One of America’s most prominent rabbis, David Wolpe recently announced his retirement from Sinai Temple in Los Angeles. Looking back on his 26-year career, he reflects on what he has learned about religion and the human condition:

Sometimes it seems, for those outside of faith communities, that religion is simply about a set of beliefs to which one assents. But I know that from the inside it is about relationships and shared vision. Where else do people sing together week after week? Where else does the past come alive to remind us how much has been learned before the sliver of time we are granted in this world?

I know the percentage of those who not only call themselves religious but also find themselves in religious communities declines each year. The cost of this ebbing of social cohesion is multifaceted. At the most basic, it tears away at the social fabric. Many charities rely solely on religious institutions. People in churches and synagogues and mosques reliably contribute more to charities—religious and nonreligious—than their secular counterparts do. The disunity that plagues us in each political cycle is also partly because of a loss of shared moral purpose which people once found each week in the pews.

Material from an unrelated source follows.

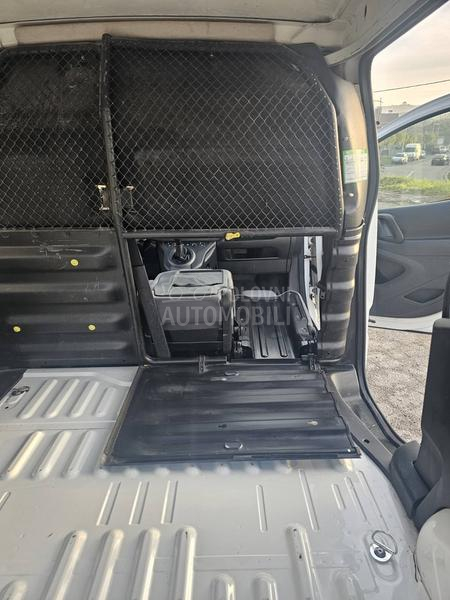 Peugeot Partner 3 SEDIŠTA/MAXI N1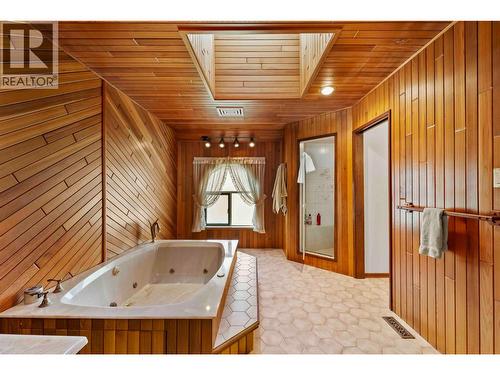 8609 Highway 8, Lytton, BC - Indoor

Keeping a congregation together has never been easy, and mine has become increasingly politically divided in an ever more polarizing era. . . . Over the years I have encouraged people to learn about each other’s lives before they explore each other’s politics. When you share the struggles of raising children and navigating life, when you attend meetings and pack lunches together, when you are on the same softball team and sit near each other in synagogue, you don’t start each conversation with how the other party’s candidate is a scoundrel.